Kenya Commercial Bank (KCB) converted a Ksh3.45 billion loan to the National Bank of Kenya (NBK) into equity in the subsidiary, the bank’s latest financial disclosures confirm.
The move enabled NBK to meet core capital ratio requirements after being in default in recent years. It increases the total cash injection by KCB into Equity to Ksh8.45 billion.
KCB injected Ksh5 billion into NBK when it purchased the bank in 2019.
“During the year, the parent company KCB Group approved the conversion of subordinated debt (Sh3.45 billion), which was classified as Tier II capital to equity. The conversion resulted in NBK complying with regulatory ratios with regards to core capital as at 31 December 2021.”

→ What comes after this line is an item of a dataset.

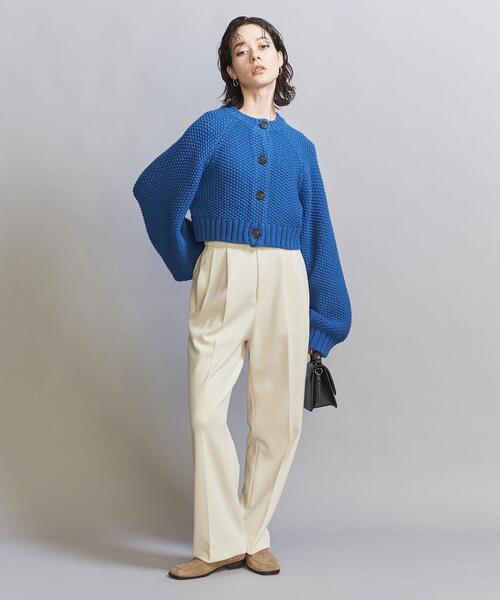 新品タグ付き★BEAUTY&YOUTH☆ブークレダブル2タックパンツ Yahoo!オークション - 新品タグ付き BEAUTY&YOUTH ブークレ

“The bank is implementing other internal strategies aimed at raising organic capital including rigorous bad debt collection and balance sheet growth to boost profitability which will ensure full compliance with the capital ratios,” NBK noted.
NBK posted Ksh1.1 billion in profit after tax for full year 2021. It represents a 431 percent increase from 2020.
The growth was driven by increased income from loan interest and foreign exchange trading, coupled with lower loan loss provisions.
NBK’s core capital to total risk-weighted assets rose to 12.9% by the end of 2021, 2.4 percentage points above the statutory minimum of 10.5 percent. In 2020, it stood at 8.7 percent.
Total assets grew by 16 percent to Ksh146 billion in 2021, majorly from net loans and advances, which rose by Ksh12 billion to hit Ksh67 billion.
“We are on a steady growth trajectory and anticipate continued growth by supporting our clients and finding opportunities within the current environment. The Bank has a strong capital and liquidity base to support growth of business and especially through our digital offering. We have therefore, embarked on a calculated strategy towards ensuring that we provide customer centric and timely solutions to our client segments especially in the SME sector,” stated NBK Managing Director Paul Russo.